Empfehlungen in Deutschland

Trotz fehlender Evidenzlage empfiehlt die Deutsche Gesellschaft für Endoprothetik (eine Sektion der Deutschen Gesellschaft für Orthopädie und Unfallchirurgie, DGOU) seit letztem Jahr unabhängig vom Zeitpunkt der Prothesenimplantatation eine einmalige Gabe von 2 g Amoxicillin eine Stunde vor einem invasiven („blutigen“) zahnärztlichen Eingriff – eine sorgfältige Allergieanamnese, Nutzen-Risiko-Abwägung und Aufklärung des Patienten zum „Off-Label-Use“ (keine offizielle Zulassung für Endoprothesenprophylaxe) vorausgesetzt. Dabei haftet der verschreibende Arzt im Falle einer Gefährdung des Patienten [3].

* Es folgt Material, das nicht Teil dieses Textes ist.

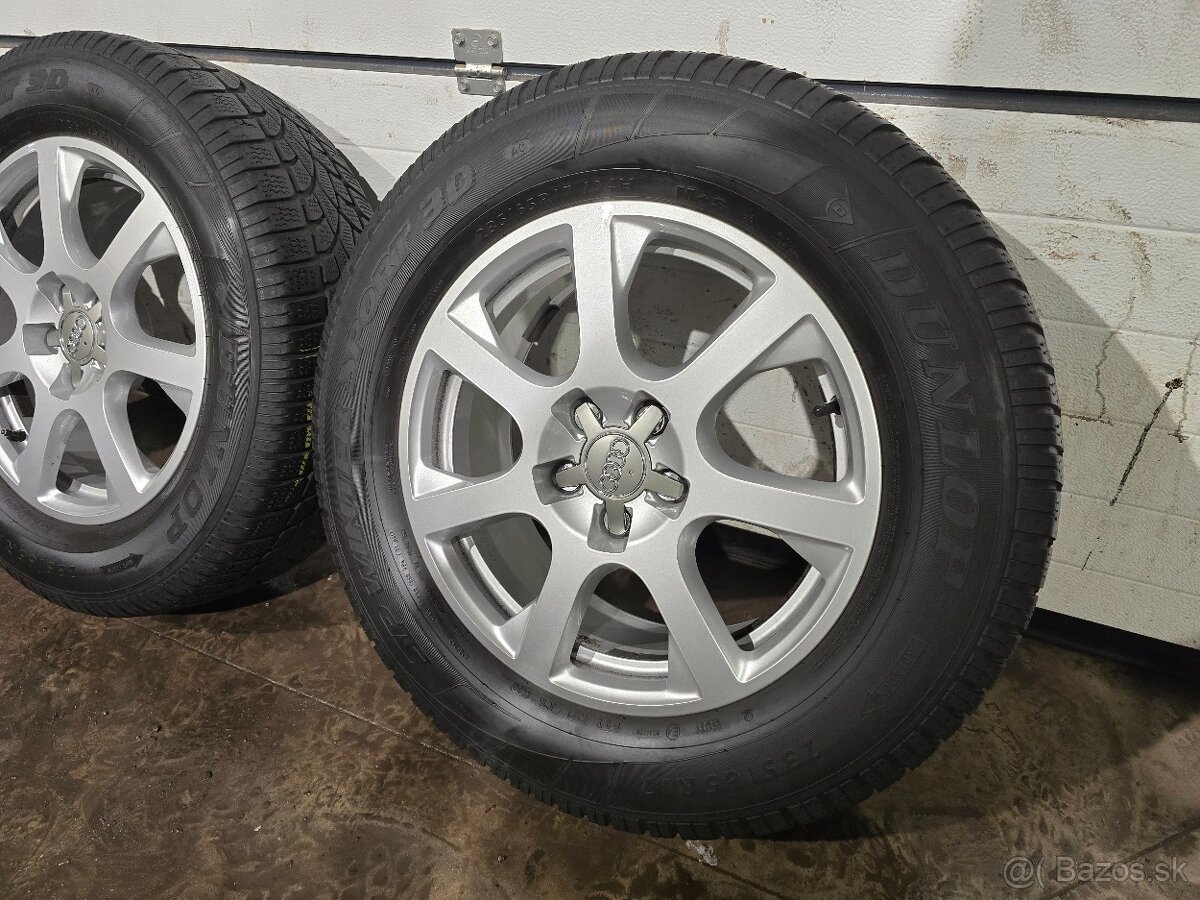 Zimná Sada AUDI Q5+Dunlop 235/65 R17 - 5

Seitens der Zahnärzteschaft gibt es in Deutschland keine Leitlinie zur Infektionsprophylaxe bei Endoprothesenträgern. In der Praxis wird nach wie vor häufig der ADA-Empfehlung gefolgt, von einer generellen antibiotischen Abschirmung bei der Behandlung von Endoprothesenträgern abzusehen.

Quellen
  • [1] Thornhill MH, Crum A, Rex S, et al. Analysis of prosthetic joint infections following invasive dental procedures in England. JAMA Netw Open 2022;5(1):e2142987, doi.org/10.1001/jamanetworkopen.2021.42987.

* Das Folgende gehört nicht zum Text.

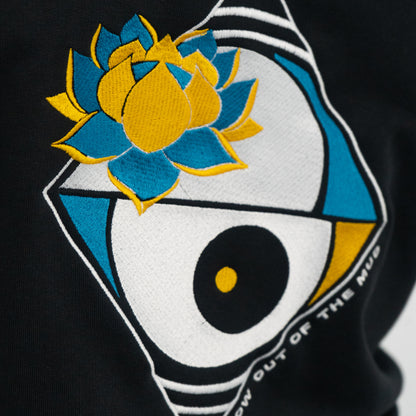 LOTUS CLAN MONDOKORO HOOD - BLACK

  • [2] Sollecito TP, Abt E, Lockhart PB, Truelove E, Paumier TM, Tracy SL, Tampi M, Beltrán-Aguilar ED, Frantsve-Hawley J. The use of prophylactic antibiotics prior to dental procedures in patients with prosthetic joints: Evidence-based clinical practice guideline for dental practitioners – a report of the American Dental Association Council on Scientific Affairs. J Am Dent Assoc 2015;146(1):11–16.e8, doi.org/10.1016/j.adaj.2014.11.012.
  • [3] Heller KD, Perka C, Renz N. Handlungsempfehlung für die Antibiotikaprophylaxe bei zahnmedizinischen Eingriffen – ein Update, Jan. 2022, Dt. Ges. für Endoprothetik, iww.de/s7721.